Dukakis was the only Democrat to field a complete slate of 116. Jackson's campaign, in contrast, has only 79 district delegate candidates and has turned to delegate-candidates pledged to former contender Rep. Richard Gephardt of Missouri and other former candidates to fill out the gaps. The remaining 62 delegates will be apportioned in June according to the district outcomes.

Some political veterans say Jackson could win no more than 30 delegates.

''Even in a best scenario how he (Jackson) gets more than 30 delegates I don't know,'' G. Terry Madonna, director of the Center for Politics and Public Affairs at Millersville University.

State Democratic Chairman Larry Yatch, who along with Gov. Robert P. Casey is neutral in the race, doesn't think Jackson's slate-filling effort will be fruitful.

But Jackson's campaign said late Tuesday afternoon it has commitments from eight to 10 delegates of departed candidates to support Jackson and is working on more.

Jackson will win Philadelphia, where he is endorsed by Mayor W. Wilson Goode and Rep. Bill Gray, but Dukakis is favored everywhere else, Yatch said. Pittsburgh Mayor Richard Caliguiri and Erie Mayor Louis Tullio both have endorsed Dukakis.

The latest pre-primary poll, conducted Thursday through Sunday by the Pittsburgh Post-Gazette and Philadelphia Daily News, showed Dukakis with a 59 percent to 20 percent edge over Jackson. Gore fell far back at 9 percent. The survey of 647 likely Democratic voters had a margin of error of 5 percent.

''Mike is taking nothing for granted,'' said Dukakis' Pennsylvania spokesman Pat McCarthy.
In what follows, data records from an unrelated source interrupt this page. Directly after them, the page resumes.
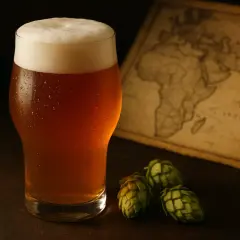 Verre de bière ambrée, houblons et carte ancienne. L'IPA, signification d'une bière aux arômes audacieux.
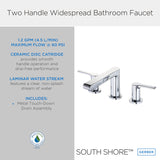 Gerber D304187 Chrome South Shore Two Handle Widespread Lavatory Faucet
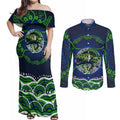 Personalised Barramundi Fishing Couples Matching Off Shoulder Maxi Dress and Long Sleeve Button Shirt Aboriginal Dot Art Fierce Fish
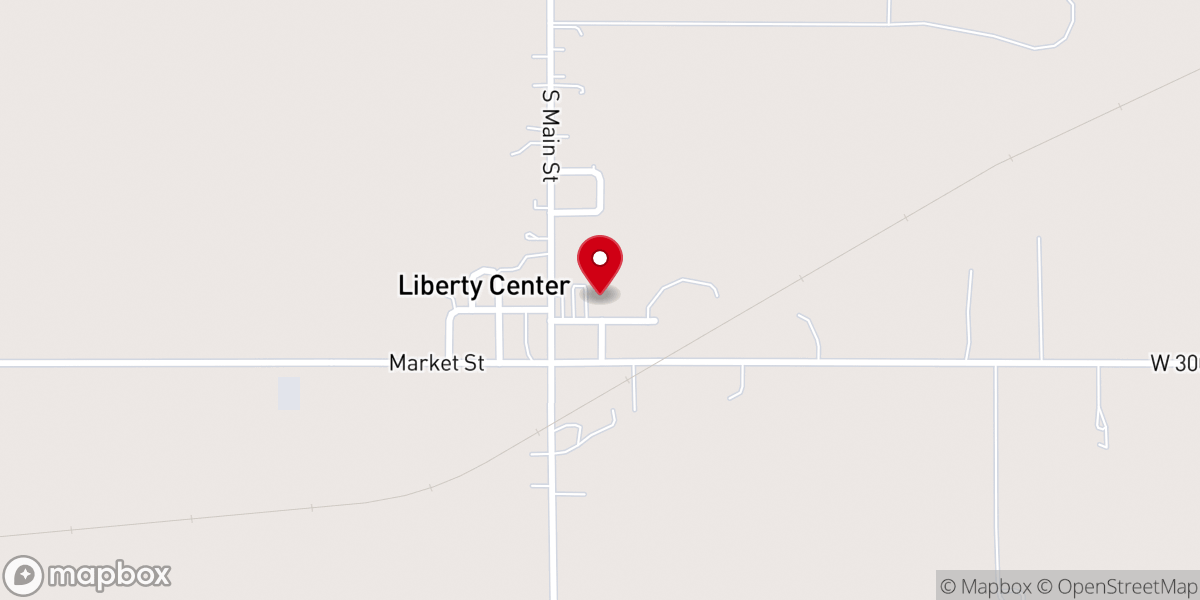 Map showing location of Liberty Center Community Church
He said a win could ''put Mike over the psychological top'' on the road to the nomination.

A strong showing in New York would help Jackson in Pennsylvania, but Dukakis is favored right now, delegate coordinator Cobble said.

Jackson, who won 16 percent of the vote and 18 delegates in the three-way 1984 presidential primary, hopes to woo disaffected blue collar workers, particularly in southwestern Pennsylvania, where unemployment still runs into double digits in some areas. Statewide, he is hoping at least to duplicate his record of attracting 15 percent to 20 percent of the white vote.

''We'll do better than in 1984, exceed expectations and give Dukakis a hell of a run for his money,'' said Janice Fine, a national campaign aide. ''We're very competitive in Pennsylvania.''

Democratic Lt. Gov. Mark Singel, also neutral, disagreed.

''The more likely scenario is that Dukakis uses Pennsylvania to solidify his front-runnership, his hold on the nomination,'' Singel said.

Gore's moderate stands should have meshed with Pennsylvania's voters, who gave the state to Ronald Reagan both in 1980 and 1984 and who haven't elected a Democrat to the U.S. Senate since 1962. In fact, Gore was endorsed as the most electable of the candidates by the state Senate Democratic leadership. But Gore hasn't won anywhere since Super Tuesday in his native South and the New York primary results could signal the end of his campaign.

There is also a Republican race, at least on paper, but Vice President George Bush is expected to easily brush aside his only remaining rival, Pat Robertson, in the contest for 78 delegates.